Desde que tenía memoria, siempre había
estado allí, entre parterres de rosas. No recordaba quién lo había plantado
—tenía la imagen de unas rudas manos acariciando su corteza blanca, aunque ni
siquiera sabía si era una imagen construida por él mismo—, pero, fuera quien
fuese, la persona que decidió colocar un álamo en la pradera delantera del
jardín del palacete contaba con todo su agradecimiento.
No podía decir que hubieran sido años
tranquilos: algunos sí, otros no tanto. Los primeros, sí —de eso estaba seguro—,
y alegres; como lo eran las risas de los hijos del dueño cuando jugaban al
escondite. Le encantaba que las dos pequeñas se ocultaran tras él; le hacían
cosquillas con las coletas mientras sus hermanos mayores fingían no poder encontrarlas.

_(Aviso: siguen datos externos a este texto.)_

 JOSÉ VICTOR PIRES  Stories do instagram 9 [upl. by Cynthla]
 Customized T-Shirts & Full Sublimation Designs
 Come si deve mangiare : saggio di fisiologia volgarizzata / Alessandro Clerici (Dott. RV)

Luego llegaron aquellos tiempos en los
que la señora dejó de sentarse a coser junto a él, las carreras infantiles se
sustituyeron por los paseos silenciosos y las risas por susurros. Después, ni
siquiera eso. Un día vio salir una comitiva de coches oscuros y el jardín se quedó
vacío durante mucho tiempo, tanto tiempo que se resignó a envejecer con la
única compañía del viento y los trinos de los gorriones.
Pero ocurrió un milagro en forma de hada
rubia que acompañaba a uno de los chicos. ¿Era el mayor o el pequeño, Juan o
José? Fue incapaz de descubrirlo. En aquel hombre moreno y bien plantado poco
quedaba ya del muchacho que un día fue. Y las iniciales, que ambos le grabaron
en el tronco, rodeadas de un corazón tampoco ayudaron a desentrañar el
misterio.
Si el negro fue preludio de la soledad,
con el blanco regresó la compañía. Y las largas tardes de lectura en el jardín,
los primeros pasos y los balbuceos. La nueva época vino acompañada de una
novedad: las fiestas en el jardín. Nunca los veranos fueron más entretenidos.

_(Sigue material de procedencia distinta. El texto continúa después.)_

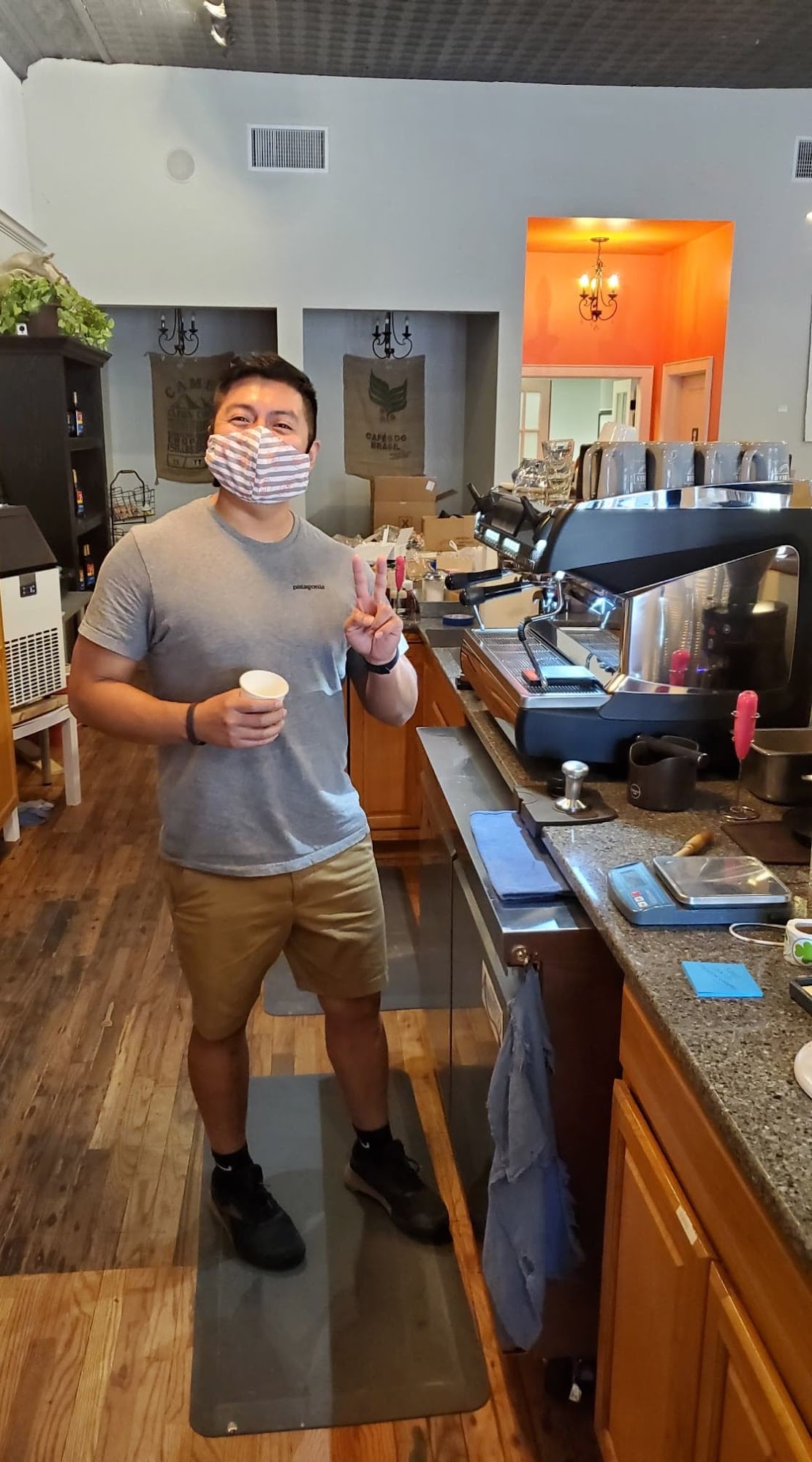 The Bean Community Coffeehouse Vermillion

Aunque también eso acabó coincidiendo
con el inicio de las voces, los gritos y las discusiones. Volvió a quedarse
solo, sin embargo, aprendió mucho vocabulario. La primera vez, las palabras
ruina y divorcio le parecieron feas, burdas, groseras, aunque llegó un momento
en que se acostumbró a ellas. Después, hasta esas desaparecieron. A la vez que
la gente.
Tuvo que buscarse otra compañía.
Disfrutaba con el sol de invierno y la luna en verano. Le emocionaba la lluvia
en primavera y odiaba el viento en otoño, que lo dejaba solo y desnudo.
Dejó de contar el tiempo cuando vio derribar
la casa del dueño de la naviera Etxaniz y erguirse aquel rascacielos que lo
observaba a todas horas, de los pies a la cabeza. Pensó que sería la única
torre, que nadie en su sano juicio cambiaría los suelos de madera, las galerías
porticadas, los enormes ventanales y las lámparas de araña por una torre de cemento
y cristal; mucho menos que renunciarían a los jardines. Nunca imaginó que se
quedaría solo.
Se equivocó. Desde que lo rodeaban
aquellos gigantes, el sol no calentaba ya sus ramas, la luna había
desaparecido, la lluvia no empapaba sus raíces y hasta el viento de otoño había
dejado de soplar. Y lo peor era saber que, cuando llegara su hora, nadie
acariciaría su corteza blanca antes de talarlo sino que caería bajo el rugido
ensordecedor de una máquina sin alma.